How does an agreement between investor and investment banker create a new obligation from the borrower? If it does create a new obligation then the old obligation must be extinguished. If it doesn't create a new obligation that would require the advance to be repaid by the investor to the servicer --- something that I have never seen. If the borrower is said to be untouched by the PSA or any other document to which he was not a party nor that was disclosed, then it would seem logical that the investor's account receivable would be the basis for determining a default or shortage.
Digging even deeper, the real question comes back to who was the lender in the transaction with the borrower --- was it the party named on the documents signed by the borrower? Presumptively yes but in the final analysis it doesn't work that way if there is no underlying transaction in which money exchanged hands. The law is concerned with reality and substance far beyond form and forms. If the reality is that the investors' money was what landed on the closing table then by operation of law it is presumed that the borrower must account for it, if it was applied to the benefit of the borrower. The borrower cannot be held to account to two different parties in the same amount on the same debt.
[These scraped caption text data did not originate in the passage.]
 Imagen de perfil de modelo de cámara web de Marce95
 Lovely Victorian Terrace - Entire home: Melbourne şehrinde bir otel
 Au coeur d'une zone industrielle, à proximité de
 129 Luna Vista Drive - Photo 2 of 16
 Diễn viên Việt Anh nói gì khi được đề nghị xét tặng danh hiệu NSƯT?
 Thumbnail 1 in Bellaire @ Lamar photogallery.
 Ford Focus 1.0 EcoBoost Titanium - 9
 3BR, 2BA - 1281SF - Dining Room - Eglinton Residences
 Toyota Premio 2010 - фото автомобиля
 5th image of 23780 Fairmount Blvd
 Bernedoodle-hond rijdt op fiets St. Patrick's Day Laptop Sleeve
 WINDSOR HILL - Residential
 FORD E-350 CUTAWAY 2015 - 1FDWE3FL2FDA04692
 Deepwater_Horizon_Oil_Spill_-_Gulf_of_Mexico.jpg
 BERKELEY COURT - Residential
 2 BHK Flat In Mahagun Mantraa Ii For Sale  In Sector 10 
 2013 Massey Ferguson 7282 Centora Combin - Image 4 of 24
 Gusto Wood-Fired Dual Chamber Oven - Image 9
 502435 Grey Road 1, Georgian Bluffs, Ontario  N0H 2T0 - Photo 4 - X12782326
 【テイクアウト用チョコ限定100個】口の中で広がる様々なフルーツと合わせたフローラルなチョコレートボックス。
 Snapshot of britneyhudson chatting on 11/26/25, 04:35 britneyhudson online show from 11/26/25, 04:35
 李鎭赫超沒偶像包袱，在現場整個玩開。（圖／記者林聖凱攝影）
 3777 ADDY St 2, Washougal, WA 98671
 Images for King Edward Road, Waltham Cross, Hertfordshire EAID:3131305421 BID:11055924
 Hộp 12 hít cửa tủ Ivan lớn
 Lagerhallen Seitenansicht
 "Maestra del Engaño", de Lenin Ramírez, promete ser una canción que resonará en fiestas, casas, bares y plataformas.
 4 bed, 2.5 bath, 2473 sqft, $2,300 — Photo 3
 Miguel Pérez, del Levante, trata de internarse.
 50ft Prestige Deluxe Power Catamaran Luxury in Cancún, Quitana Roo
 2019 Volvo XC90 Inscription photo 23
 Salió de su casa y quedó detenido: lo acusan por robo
Thus the conclusion is that the borrower is held to account to the investors or the investors' entity if it is validly formed and funded. If the investors chose to insert an intermediary bookkeeping service to intercept the payments, then the payments from the borrower to the bookkeeper obviously would be applied against the amount due. Whether the bookkeeper sends the money to the creditor is irrelevant if all parties have agreed by conduct to process payments in this manner.
If the borrower fails to make a payment but the bookkeeper advances the payment as though the borrower had made a payment then two conclusions are inevitable: the creditor's account is satisfied and the bookkeeper has a claim for unjust enrichment or contribution. You are right that the debt is not extinguished. But you are jumping to the wrong conclusion as it effects the foreclosure. The effect is that the creditor is current at the time the loan is declared in default. The notice of default should have been a demand letter from the servicer for contribution, with full knowledge that such a claim has no security or collateral. The only way you could see it otherwise is to say that upon foreclosure, the servicer gets the money it advanced first, which might or might not be the case, but is a matter of proof. But this argument begs the question of how you can initiate a foreclosure in the absence of a default in the account receivable of the creditor?
These are questions that are difficult to understand without having been educated in accounting, auditing and bookkeeping. And the legal effect leads to questions that are above the pay grade of the pro se litigants who are trying to make sense out of all this without the help of an attorney.
The end result, now that I am again lead counsel on a number of cases in Florida, will end the debate. I have predicted many judges in the trial courts will reject the above analysis in favor of a more simple explanation of "the borrower didn't pay his debt." But on appeal, it seems to me that the conclusions I reached will be unavoidable if we have created the proper record on appeal and preserved our issues for appeal.